Last week my shaman’s guild finally downed Hodir. I wasn’t in the raid, but I was listening on vent. I was just as excited for them to take him down as the people that were actually in the raid were. Mostly because he’d given us such a hard time for such a long time. So this time around when we went back into Ulduar I was very much looking forward to taking down…or rather freeing, Hodir. It was a hard fight. We kept wiping and couldn’t figure it out. It was difficult not to feel like I was primarily responsibly as they had all been there the previous week. As it turns out…I did share a brunt of the blame.
The reason?
Overhealing.
I’ve mentioned previously that I one of my biggest issues as a healer is overhealing–specifically when grouped with druids. It’s because I can’t see there HoTs. The druid in our group was assigned to the main tank. Well because I couldn’t see his HoTs it looked like the main tank was going down and I needed to help heal him. As it turns out all the HoTs were doing just fine, i just couldn’t see them.
I did two things wrong here. First, I didn’t have enough faith in my raid party member to get the job done. Second, I was overhealing the crap out of the main tank, taking away heals from the rest of the raid.
Now I could spend an entire post on trusting the abilities of your raid members, but that’s not what I want to talk about.
So, overhealing. You’ve heard it was bad, and know you shouldn’t do it, but do you know why? Well, I’ll tell you why.
The most obvious reason is that overhealing wastes mana.

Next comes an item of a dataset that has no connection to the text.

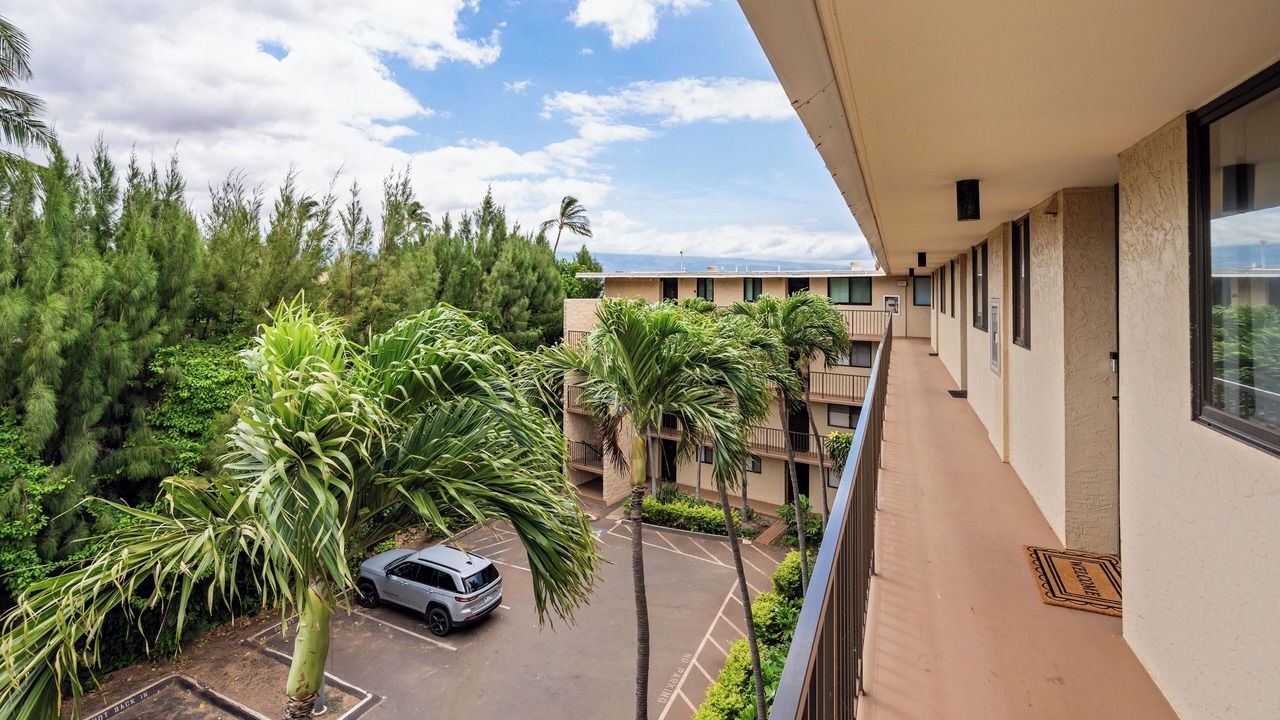 Photo of Others in Maalaea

It doesn’t take a rocket scientist to realize if you are casting healing spells on people that don’t need them, then your just wasting mana. That’s one of the reasons I miss downranking so much. Back in the day, our lower level spells did less healing, but also cost less mana. Now they do less healing but cost the same mana as the highest rank. (Although the word on the street is they are returning to down ranking.)

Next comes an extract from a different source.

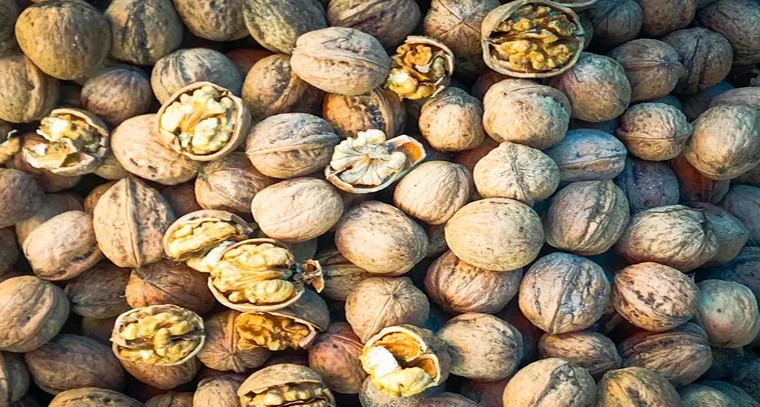 వాల్ నట్స్ తింటే ఏమౌతుందో తెలుసా?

Not only does it waste your mana, but it wastes the mana of other healers. If a druid puts a healing over time spell on a target and then a shaman casts a healing wave on the same target, sure the target is at full health, but the druids’ HoT that is still ticking after the shaman’s spell hits is effectively wasted, so is the mana the druid used to cast those HoTs.
The other thing overhealing wastes is time. Here’s a complicated example.
Tank has 20,000 health. Boss hits for x health every 2 seconds. Healer has a spell with a 2.2 second cast time that heals for y health.
Time elapesd: 0 seconds. Tank has full health. Healer begins spell cast.
Time elapsed: 2 seconds. Boss hits Tank for 5,000 health. Tanks health is now 15,000 health.
Time elapsed: 2.2 seconds. Healers spell heals Tank for 5,000 health. Tanks health is now 20,000. Healer begins next spell.
Time elapsed: 4 seconds. Boss hits Tank for 6,000 health. Tank parries full amount of the attack. Tank still at full health.
Time elapsed: 4.4 seconds. Healers spell overheals Tank for 5,000. Healer begins next spell.
Time elapsed: 5 seconds. Boss parries Tanks attack, speeding up their attack speed. Hits Tank for 7,000 health. Tank now at 13,00 health.
Time elapsed: 6.5 seconds. Boss uses special ability to hit Tank for 10,000 health. Tank now at 3,000 health.
Time elapsed: 6.6 seconds. Healers spell hits tank for for 2,000. Tank now at 5,000 health.
Time elapsed: 7 seconds. Boss hits tank for 6,000 health. Tank is now dead.
Complicated enough? Well, lets break it down. The healer in this example can only get off a spell every 2.2 seconds, so when the tank is hit at 4 seconds in, but doesn’t take any damage, the healer should have canceled the spell and started over. This would have allowed the healer to land a spell at 6.2 seconds in, just in time to bring the tanks health up enough to last through the bosses next attack at 7 seconds in.
Now I know some of you are probably screaming inside about how that’s not really how the game mechanics work. Well I know that. This is just an example to illustrate a point. Because the healer let their spell play all the way out and over heal at one point, they were unable to time their subsequent spells correctly. This resulted in a dead tank.
So if you are healing someone, expecting them to take lots of damage, if they don’t take that damage DON’T heal them. Instead, cancel that heal, and start a new one. This same idea goes if you are casting a heal on a target with less than full health, and another healer gets them before you do then for heavens sake stop healing them. Move on to the mage that is about to die.
And finally, over healing takes heals away from others who need it. In my Hodir example, we kept wiping because I was busy overhealing the main tank rather than focusing on the raid. Once I realized the problem was because I spent to much time trying to heal the tank (trust the HoTs…trust the HoTs…trust the HoTs…) I was able to save my time and mana for the raid. Because I wasn’t in the middle of casting on the tank, I was able to do a Chain Heal in anticipation of his Frozen Blows ability (which is what was killing most of us).
So, what did we learn in today’s lesson boys and girls?
Overhealing is bad.
Add this to this list of Thistlefizz’s life lessons for better playing.